The contractor collects the condition of the nine elements defined as BOT instances. Based on the German ASBING ontology, each element possesses three condition grades considering traffic safety, stability, and durability on a scale from 0 (no influence) to 4 (renewal is to be initiated). In this inspection use case, all elements of the substructure are assessed as having no influence on traffic safety and Grade 1 or 2 for stability and durability without the relevant need of maintenance, until the main beam at the south side has damage such as concrete cracking or spalling. It then receives a Grade 3 for both conditions and needs to be maintained shortly. The respective damage will be captured within the IFC model DamagePlacement.ifc for the localization and in an image DamageImage.jpg for visual assessment afterward. The IFC elements that are in a Stability grade 3 state can be selected as shown in the IFC viewer in Fig. 11 and linked to create a maintenance plan. Moreover, the model with the damage location is shown in the IFC viewer.

For planning the pavement maintenance based on the BIM model, a limited road section with a length of approximately 1,000 m was modeled. This road model contains only one direction and one lane without a terrain model. The underlying alignment of the road was built from an alignment element straight line. Because the current export of ifcAlignment in IFC 4x3 is not provided in the modeling application, the model was exported in IFC 4 without alignment elements. The road cross section consists of four layers: asphalt surface course, asphalt base course, base layer, and antifrost layer. In addition, a virtual layer over the pavement structure in the longitudinal direction was defined with element lengths of 100 m as a homogeneous section for the condition assessment.
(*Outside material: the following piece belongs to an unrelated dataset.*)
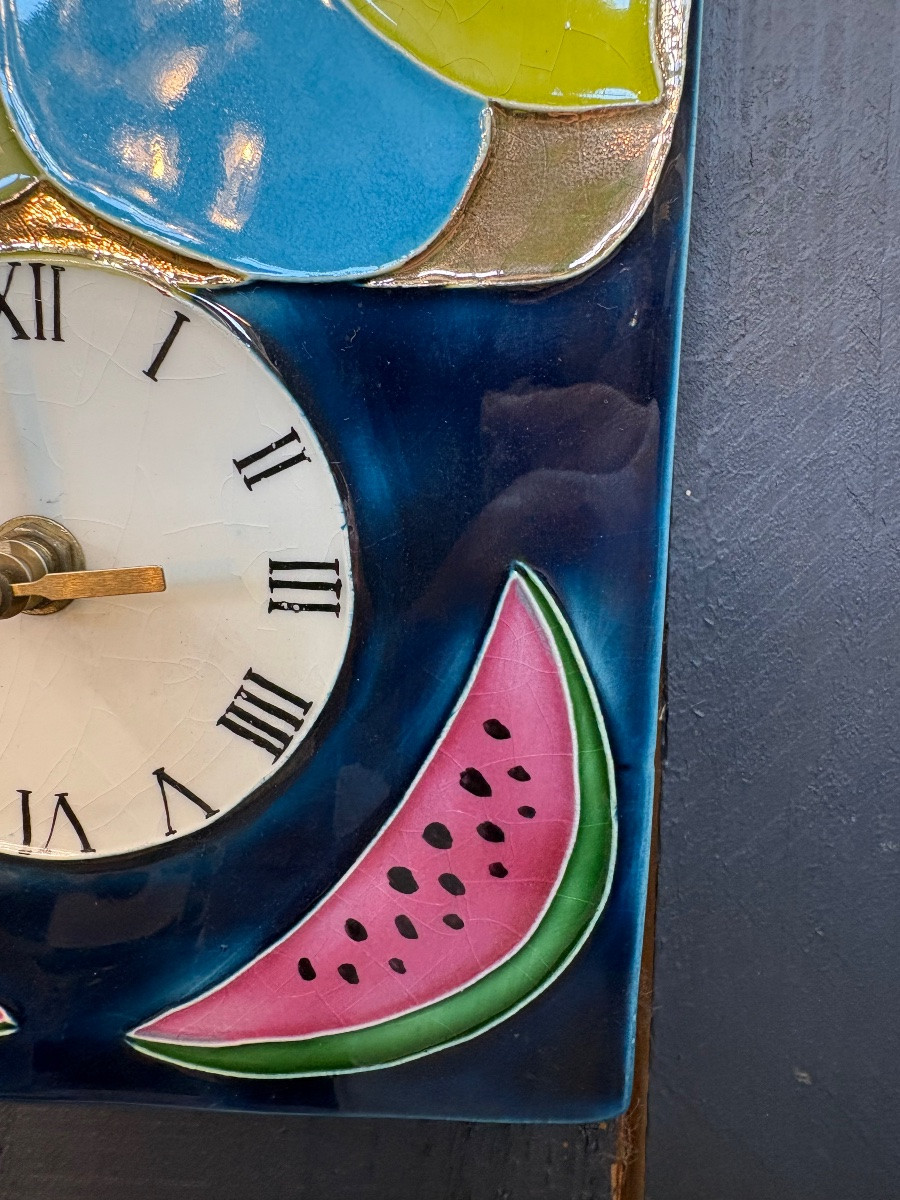 Enameled Stamped Earthenware Wall Clock - Mithé Espelt (1923-2020)-photo-1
The condition data for the 100 m homogeneous sections are recorded in the RIDatabase with the numerical values of friction, evenness, rut depth, and crack width. The database is connected to the information container as a payload document (Fig. 13). The mapping rules RIDatabase.mappings.ttl are defined using EUROTL to export the data from the database into the container. Fig. 14 shows an example of R2RML mapping rules for converting the data of column crackwidth from condition table of the RIdatabase into instances of the class eurotl:condition with the related pavement section as a spatial object. Fig. 15 shows the imported data set of one pavement section represented in triples as a result. The whole ontological data are captured as triples in the RIDatabase.instances.ttl, which then are linked with the homogeneous section of the IFC model.
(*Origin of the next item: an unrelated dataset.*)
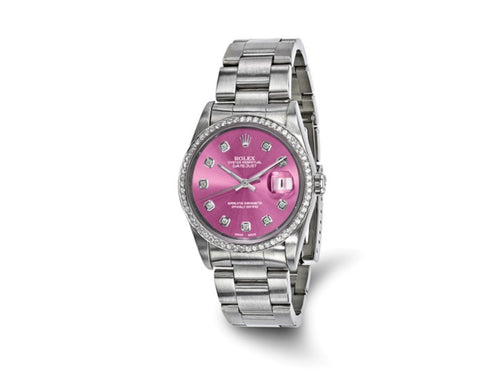 Swiss Crown™ USA Pre-owned Rolex-Independently Certified Steel 36mm Oyster Datejust Pink Diamond Dial and Bezel Watch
Combined with the IFC model, the stakeholder can select the pavement sections with critical values of the condition indicators. Based on the query result, the pavement sections requiring maintenance can be determined. The recommended work, year, and cost are recorded in the maintenance plan linked to the sections. Fig. 16 demonstrates a query to filter the sections with a value of crack width of more than 3 mm through the SPARQL query. As a result, the two end sections between 800 and 1,000 m are returned and highlighted in the IFC model (Fig. 13). After a review of the IFC model, the maintenance plan can be made for the related sections with the required information using EUROTL.